Dozens of bills are pending before the Legislature this year to increase restrictions on the production and consumption of medical cannabis.
Everything from the proximity of dispensaries to churches to billboard advertising is being debated.
Last week, medical marijuana supporters showed up at the Capitol to protest any effort to whittle away at their right to buy, sell and make cannabis.
They have a very good point.
Oklahoma voters approved the state’s medical marijuana law — State Question 788 — by a strong 57% vote in 2018.
Passage by the people doesn’t make the law untouchable, but it certainly should give lawmakers pause before they dig into it too deeply.

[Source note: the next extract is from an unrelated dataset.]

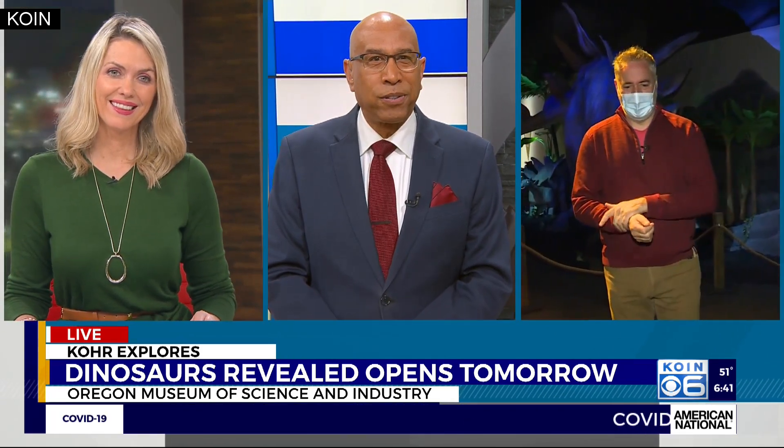A new exhibit at OMSI promises to educate, fascinate, and excite imaginations of every age. Our Cora Herland joins us live with a preview of Dinosaurs Revealed.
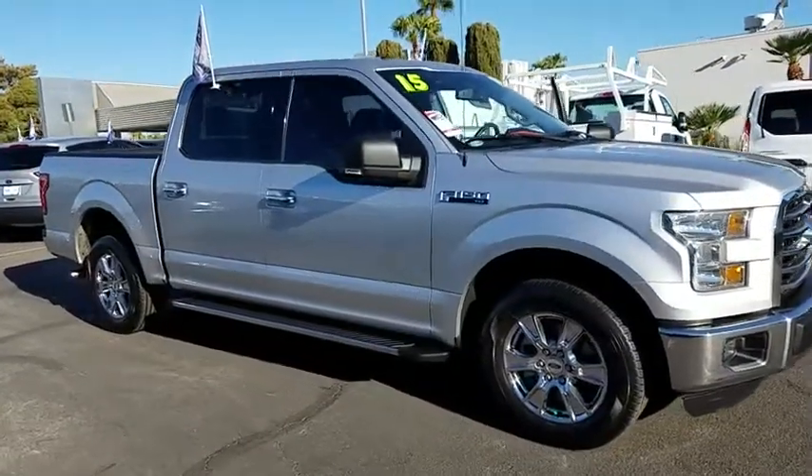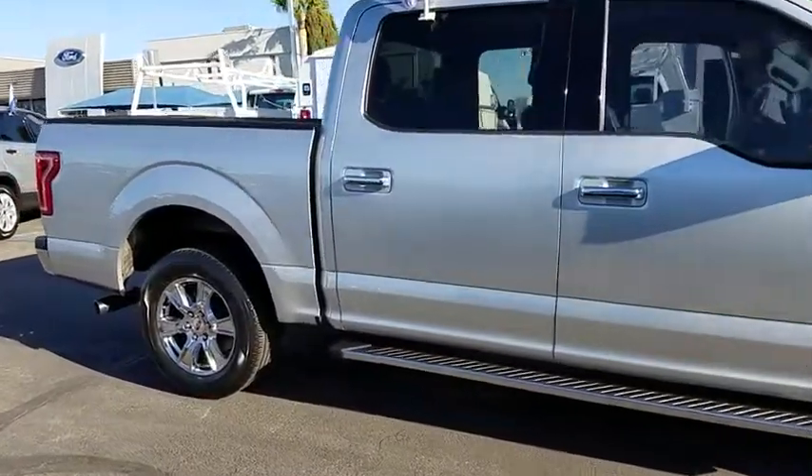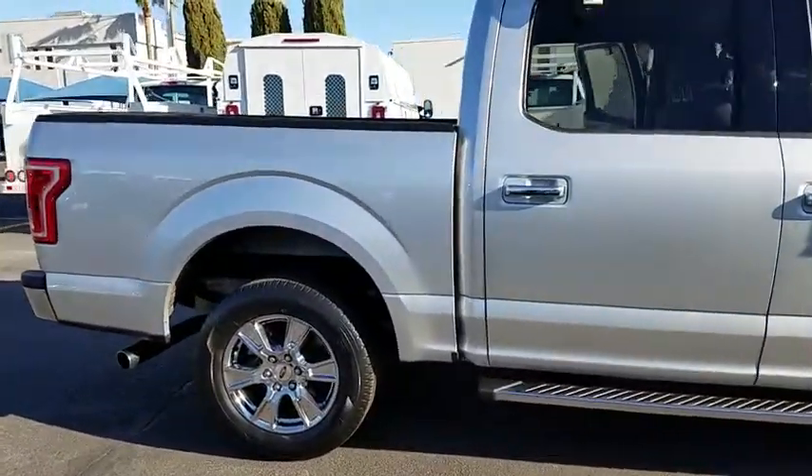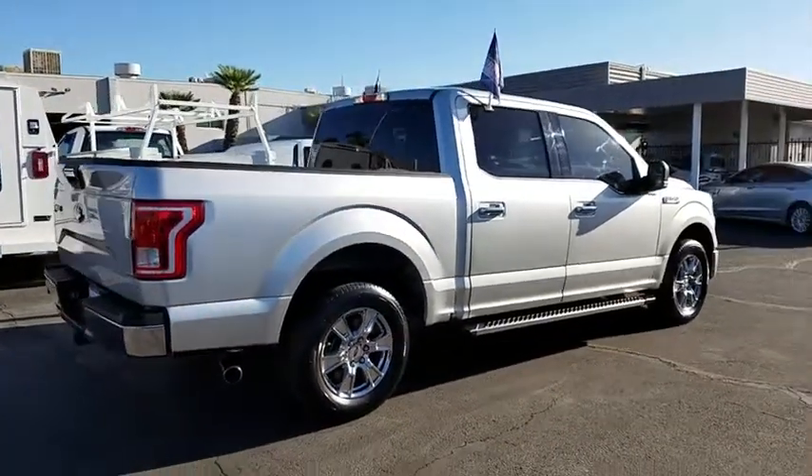The 2015 Ford F-150. A Ford F-150 knows how to handle any situation. It's built to follow orders. No whining. This vehicle has less than 30,000 miles.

With the state question on the books only two years, we’d say that any changes that undermine the voters’ intent — that medical marijuana be legal, taxed, regulated and available throughout the state on a broadly permissive, licensed basis — are undemocratic and wrong.
Any such effort would violate the spirit of the first words of the Oklahoma Bill of Rights: “All political power is inherent in the people; and government is instituted for their protection, security, and benefit, and to promote their general welfare; and they have the right to alter or reform the same whenever the public good may require it....”
Last year’s so-called “Unity Bill,” which fixed known problems in SQ 788 and was constructed with the advice and support of key medical marijuana advocates, met that standard. Other changes along those lines may remain legitimate.
But anything aimed at reducing the power of SQ 788, anything that would significantly restrict the legal use of medical marijuana in the state, has a fundamental problem, they are in clear opposition of the expressed will of the voting people of Oklahoma.